Can you comment on monies from a Canadian Corporation (wholly owned by a spouse) upon death? I’ve heard that the monies are considered “capital gains” (for tax purposes). Would it be beneficial if the spouse was equal owners (in the Canadian Corporation)?
Thank you for the article.
Re James comment, for others who may be reading.
An RRSP is purchased with after tax money, but you already got the benefit in the form of a tax refund or tax not paid. So zero tax there.
If you withdraw, there is withholding tax, but you are only taxed more at income tax time if the withholding tax was insufficient. That’s one tax.
If you don’t withdraw, then it goes to your estate when you die and it is taxed. Once.

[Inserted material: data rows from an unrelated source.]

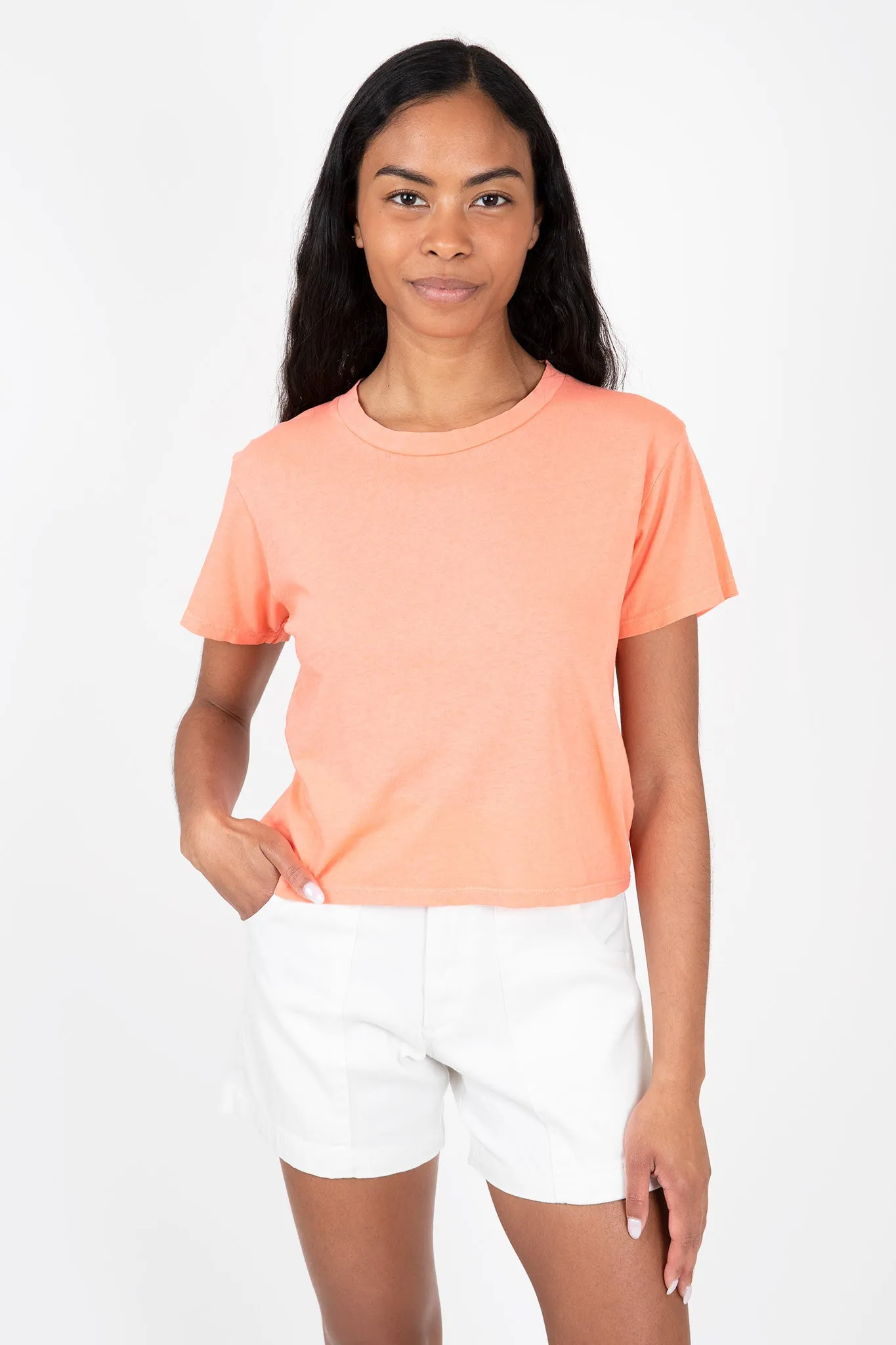 Cropped Ojai Tee sold by Hills Dry Goods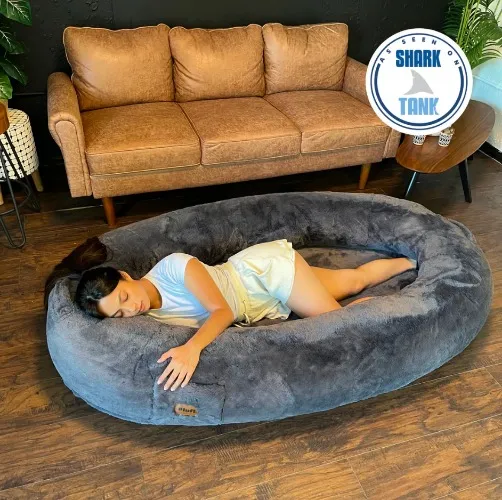 Plufl Human Dog Bed | Standard / Blush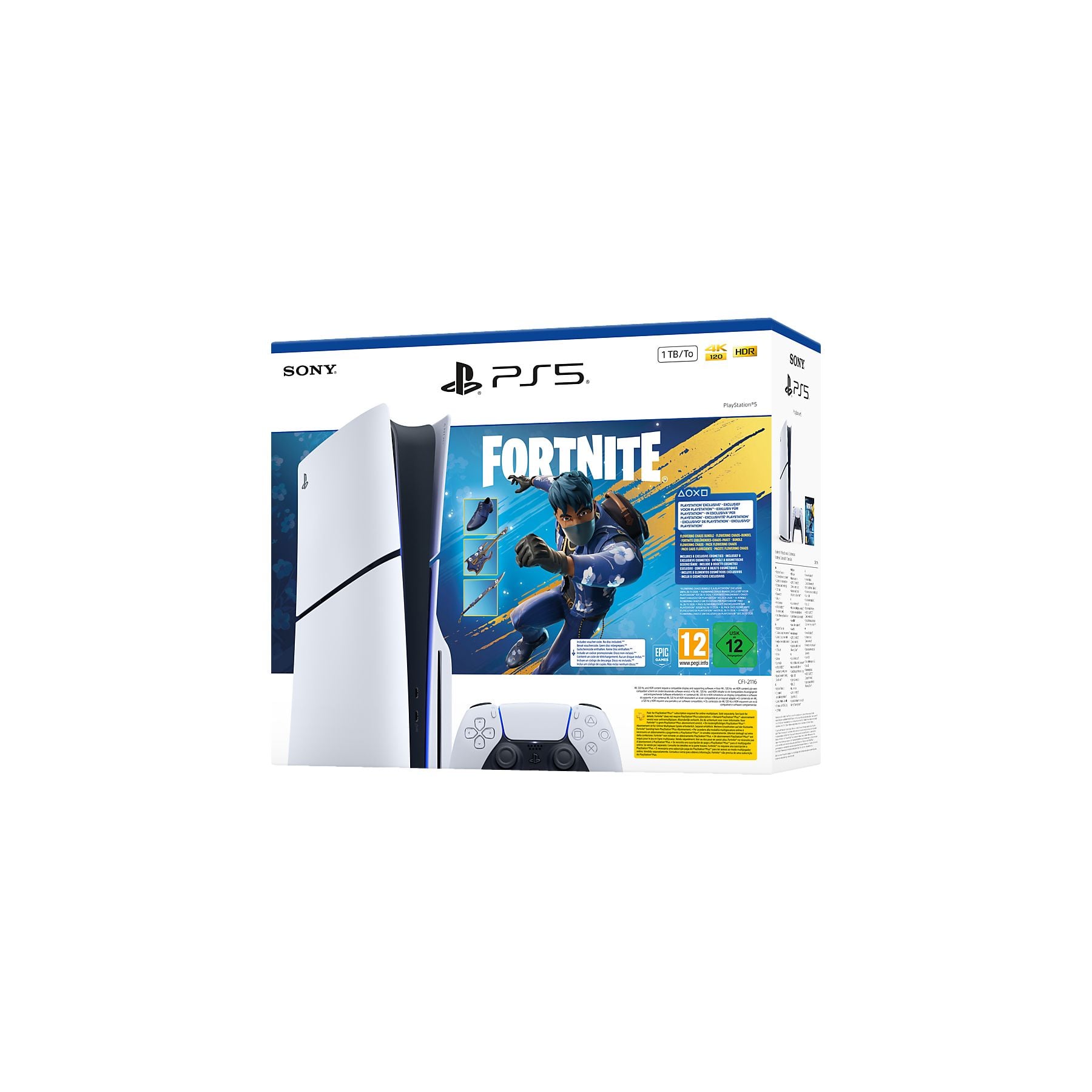 SONY PS5 Konsole 1TB - Fortnite Erblühendes-Chaos-Bundle SONY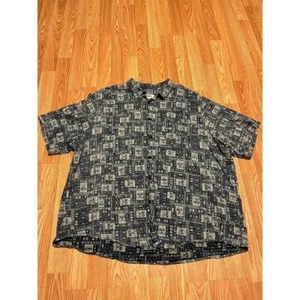 VATPAVE blue Hawaiian tropical Beach tribal Shirt size XXXL - Picture 1 of 7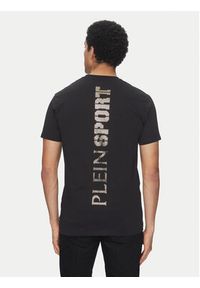 Plein Sport T-Shirt SAEC MTK8008 STE001N Czarny Regular Fit. Kolor: czarny. Materiał: bawełna. Styl: sportowy #4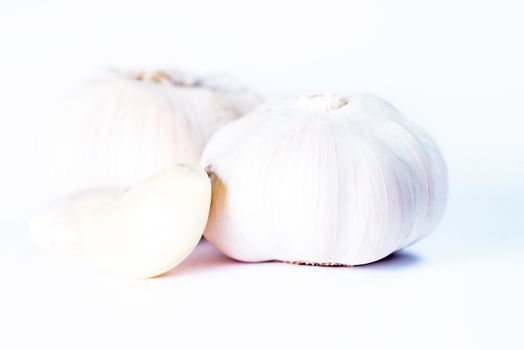 garlic isolated on white background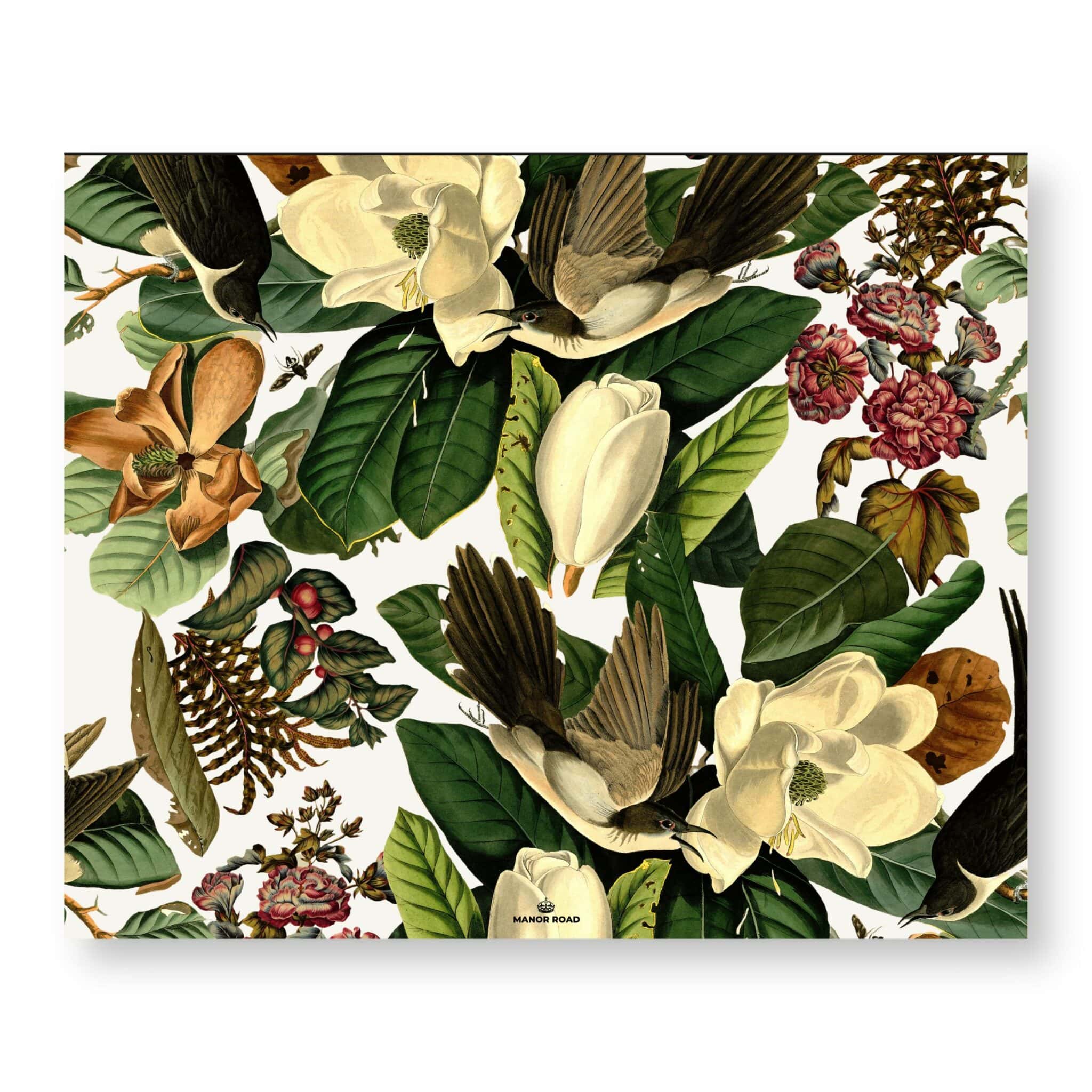 Magnolia Blooms Paper Placemat Pad Manor Road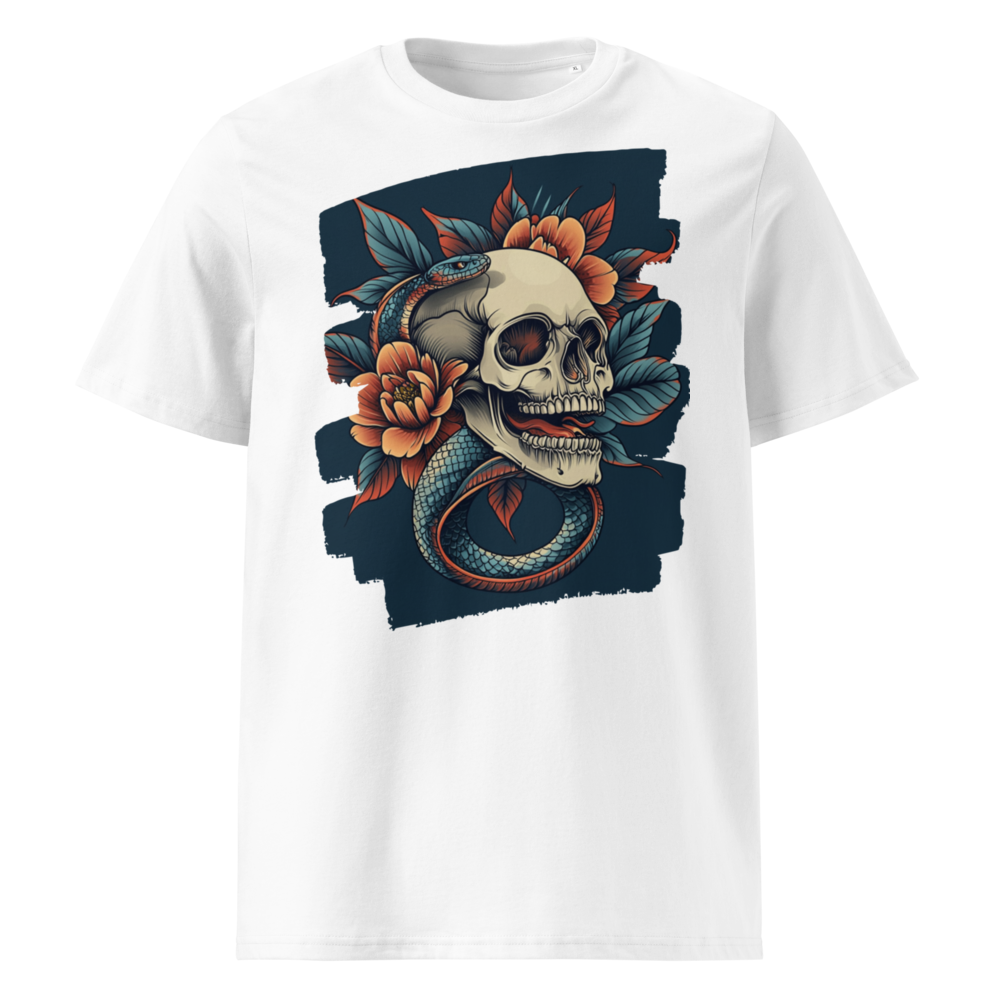 Calavera entre Peonías en camiseta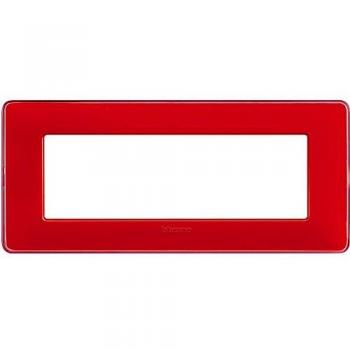 Placa Matix 6 Módulos Color Coral Bticino AM4806CRD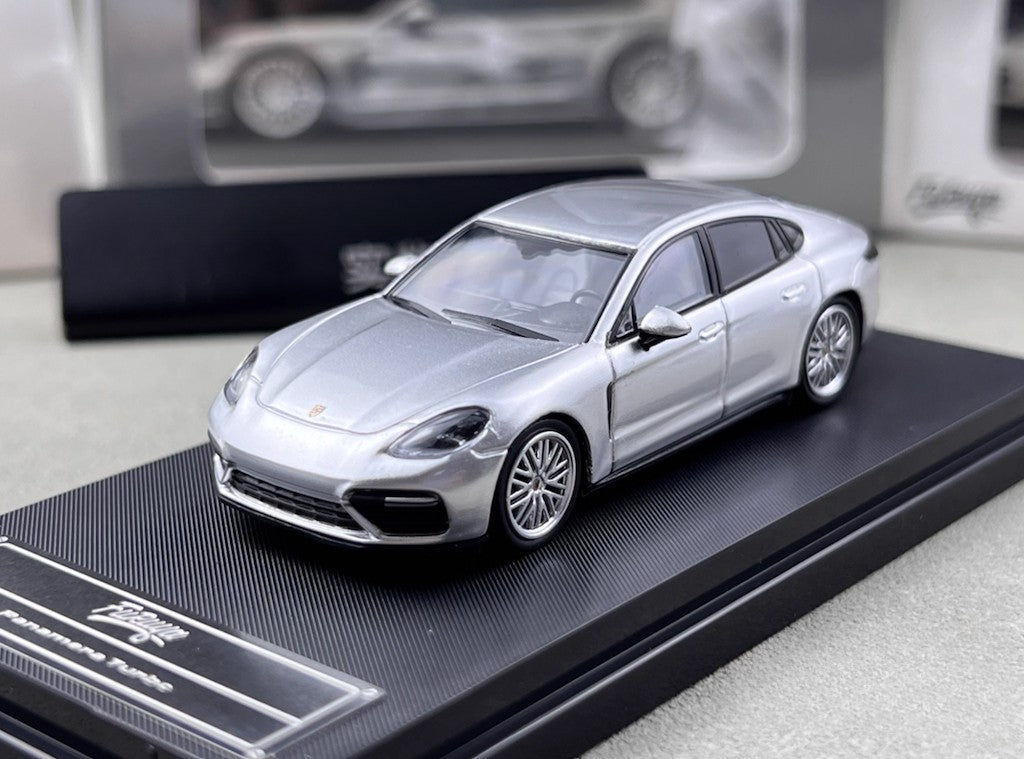 1:64 Furuya Silver Panamera Turbo Sports Model Diecast Metal Car BN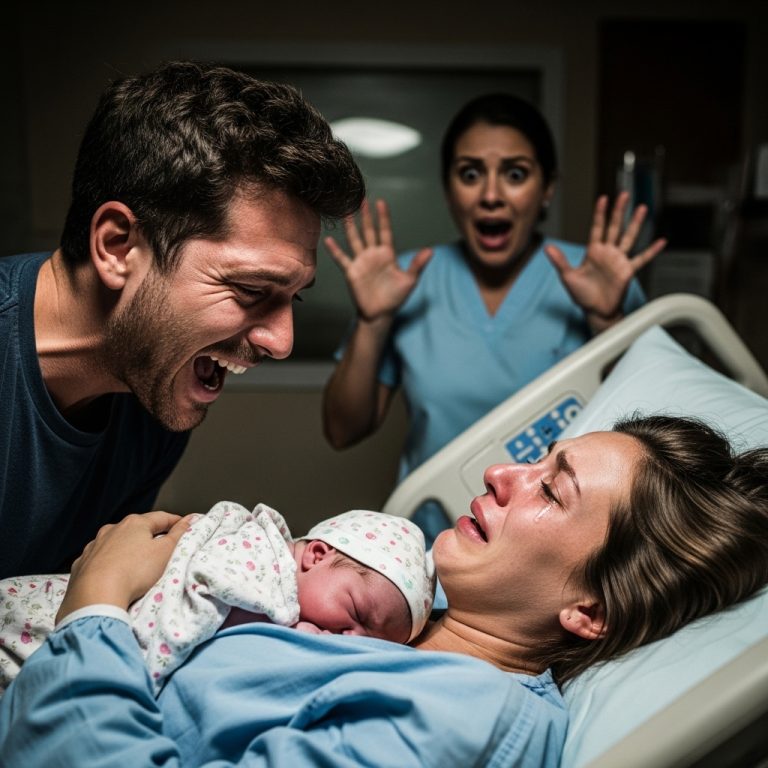 MI MARIDO ME GOLPEÓ EN EL HOSPITAL JUSTO DESPUÉS DE DAR A LUZ… PERO NO ESPERABA LA VENGANZA QUE…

If it goes through your estate to a beneficiary the net amount is not taxed.
If it doesn’t go through your estate to a beneficiary the amount is taxed. Once.
The percentage amount of the tax may be different based on your situation in each of these scenarios. Your money will only flow through one path, start to finish, but planning is about considering the different possibilities and which one is best.
There may not be that much difference between some of the scenarios for people who don’t have a lot of money.
I suggest working with a financial planner, or just someone who’s good with spreadsheets, to show you the different paths.
My mom had RRIF under Seg fund, once she had passed away, I am assuming the RRIF in the Seg fund will be paid out to the beneficiary first, and then we will use the $ to pay the tax, is this correct?
Usually you will have to clear the tax first before you get the paid out, but in this case, because the $ is in the Seg fund, so it is different?
Thanks for the time
Due to the large volume of comments we receive, we regret that we are unable to respond directly to each one. We invite you to email your question to [email protected], where it will be considered for a future response by one of our expert columnists. For personal advice, we suggest consulting with your financial institution or a qualified advisor.
I have a RRIF that I own and one that I received at the time of my husbands death. I have made my children beneficerys of mine and my dead husbands share to his children upon my death. How will that be taxed I did not mention it in my will it is through the bank. Is my income tax for the year of my death responsible for the full tax. thank you
Due to the large volume of comments we receive, we regret that we are unable to respond directly to each one. We invite you to email your question to [email protected], where it will be considered for a future response by one of our expert columnists. For personal advice, we suggest consulting with a qualified advisor.
I am single and wonder if I can make my RRIF beneficiary a charity? Will it be tax free as it would if I were to have a spouse as beneficiary? Thank you.
Thank you for the question. We invite you to email it to [email protected], where it will be considered for an update or future articles.
I am the executor and am the beneficiary of my wife’s RIF. Can I cash in her RIF ,put the money into the estate and then pay the tax on her final income tax from the estate.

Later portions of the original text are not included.